(Your assignment):
Your copy should hold only the lines from the one containing "Mwmoeen Pocket Hug" through the final line of the entries, exactly as written, with no pictures.

(Data listing):

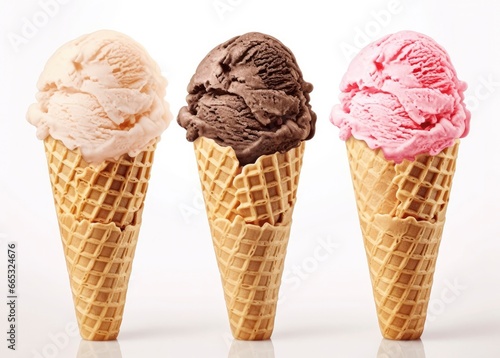 Chocolate, vanilla and strawberry Ice cream in the cone on white background.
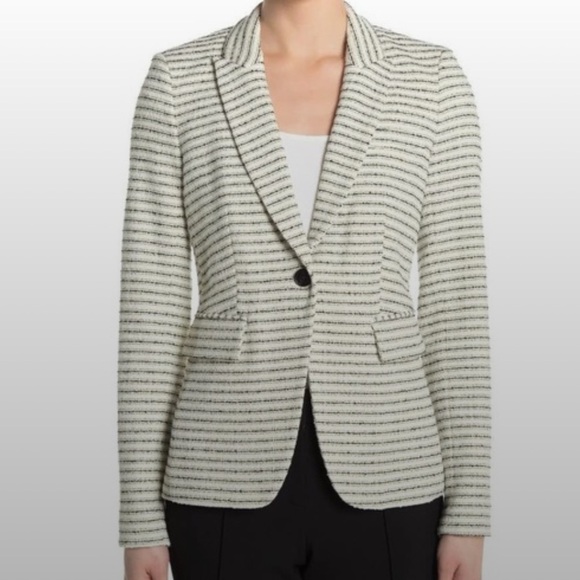 Veronica Beard White/Black Tweed Dickey Blazer Jacket Women's Size 0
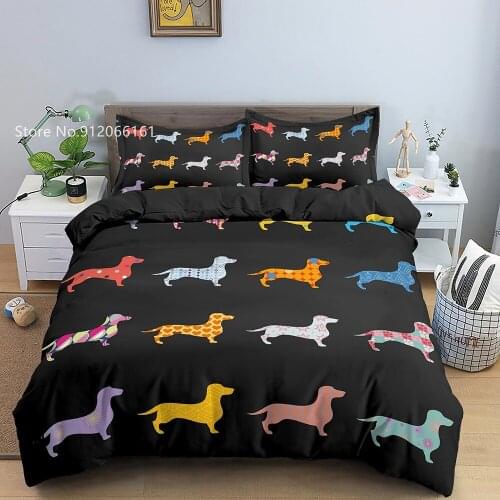 Pet Dog Bedding Set 3D Print Colorful Animal Duvet Cover For Bedroom Soft Bed Line For Kids Teen Child Bedclothes (No Sheets)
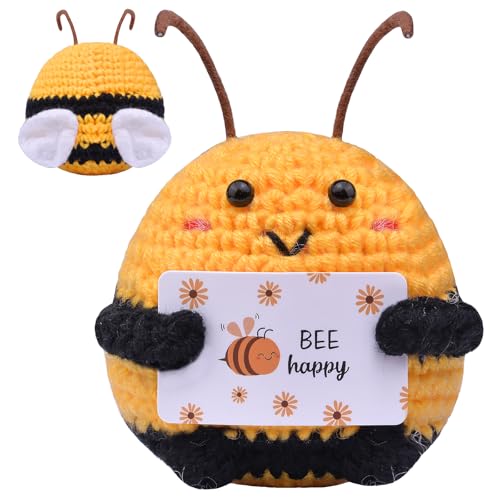 Mwmoeen Pocket Hug Biene Glücksbringer Geschenke, Glück Biene Positive Geschenke, Positive Kartoffel Mutmacher Geschenk, Gute Besserung Geschenk, Einschulung Geschenk(B37) von Mwmoeen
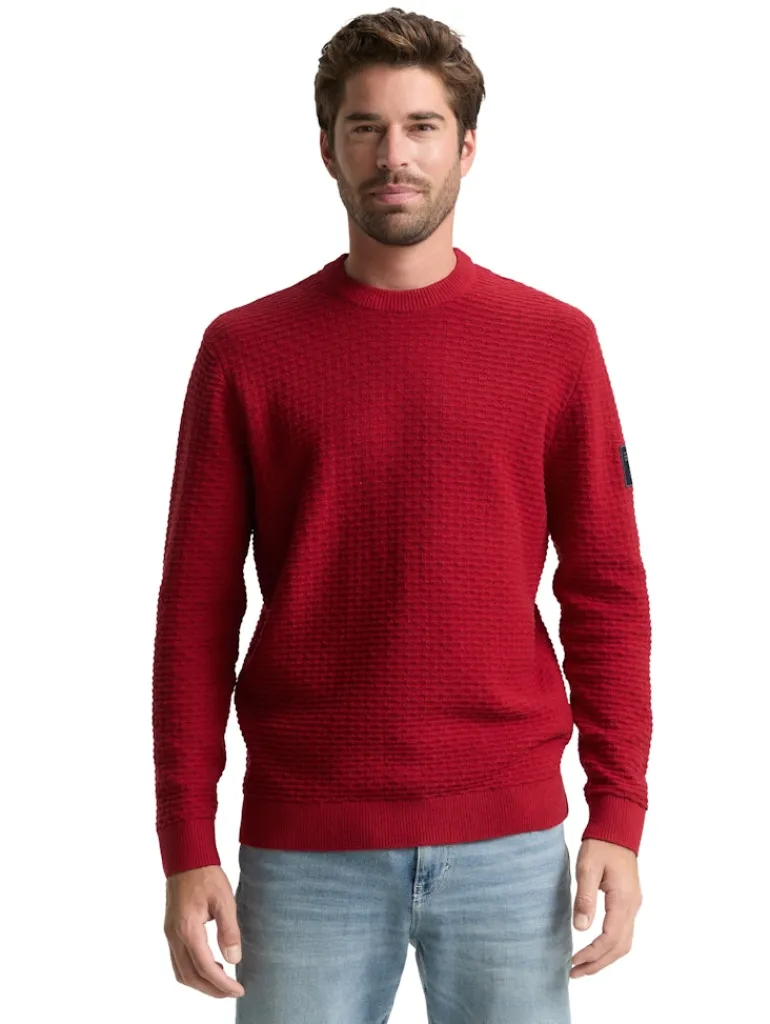 Strickpullover mit Rundhalsausschnitt coach red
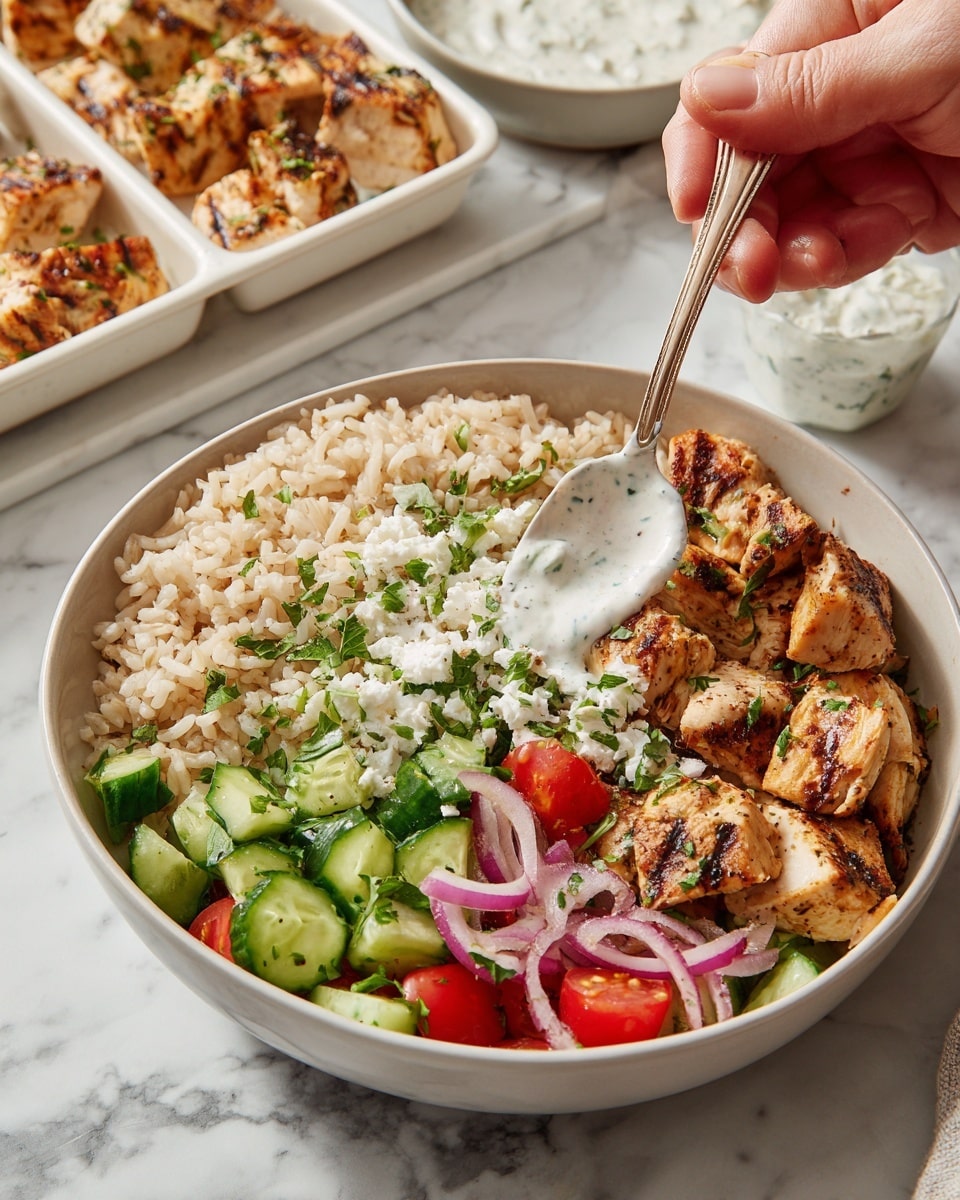 A white bowl contains a layered meal with three main parts: on the left, a thick layer of light brown rice with a soft texture; on the right, grilled chicken pieces that are golden brown with dark grill marks; on the bottom, a colorful salad of chopped cucumbers, cherry tomatoes, and thin slices of red onion mixed with green herbs. A woman's hand holds a spoon with creamy white sauce that is being placed on the salad. In the background, there are two white sectioned trays with similar food items and a white bowl with extra sauce, all placed on a white marbled surface. Photo taken with an iphone --ar 4:5 --v 7
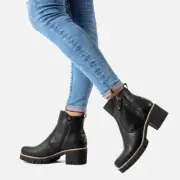 Panama Jack Premium Black Leather Warm Twin Zip Boots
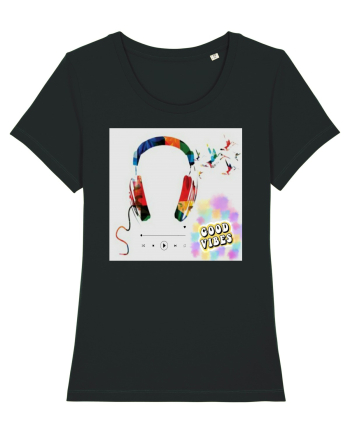 Tricou headphones colorful Black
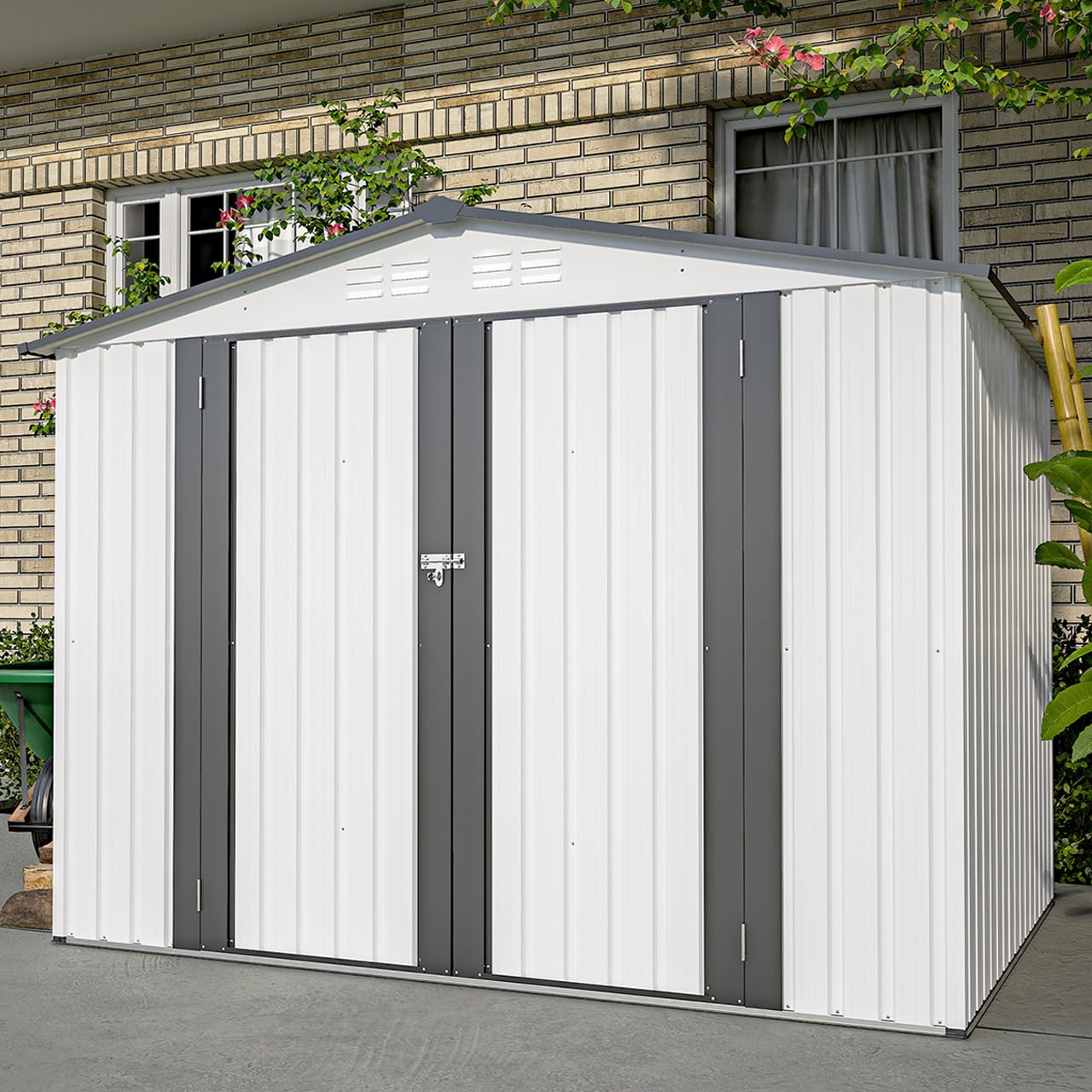 8x6 FT Outdoor Storage Shed - Heavy Duty Metal Garden Shed with Lockable Door for Lawn Tools, Watering Cans, Shovels & Rakes | Perfect for Backyard, Patio & Garage Organization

(Result below):
 Mwmoeen Pocket Hug Biene Glücksbringer Geschenke, Glück Biene Positive Geschenke, Positive Kartoffel Mutmacher Geschenk, Gute Besserung Geschenk, Einschulung Geschenk(B37) von Mwmoeen
 Strickpullover mit Rundhalsausschnitt coach red
 A white bowl contains a layered meal with three main parts: on the left, a thick layer of light brown rice with a soft texture; on the right, grilled chicken pieces that are golden brown with dark grill marks; on the bottom, a colorful salad of chopped cucumbers, cherry tomatoes, and thin slices of red onion mixed with green herbs. A woman's hand holds a spoon with creamy white sauce that is being placed on the salad. In the background, there are two white sectioned trays with similar food items and a white bowl with extra sauce, all placed on a white marbled surface. Photo taken with an iphone --ar 4:5 --v 7
 Panama Jack Premium Black Leather Warm Twin Zip Boots
 Tricou headphones colorful Black
 8x6 FT Outdoor Storage Shed - Heavy Duty Metal Garden Shed with Lockable Door for Lawn Tools, Watering Cans, Shovels & Rakes | Perfect for Backyard, Patio & Garage Organization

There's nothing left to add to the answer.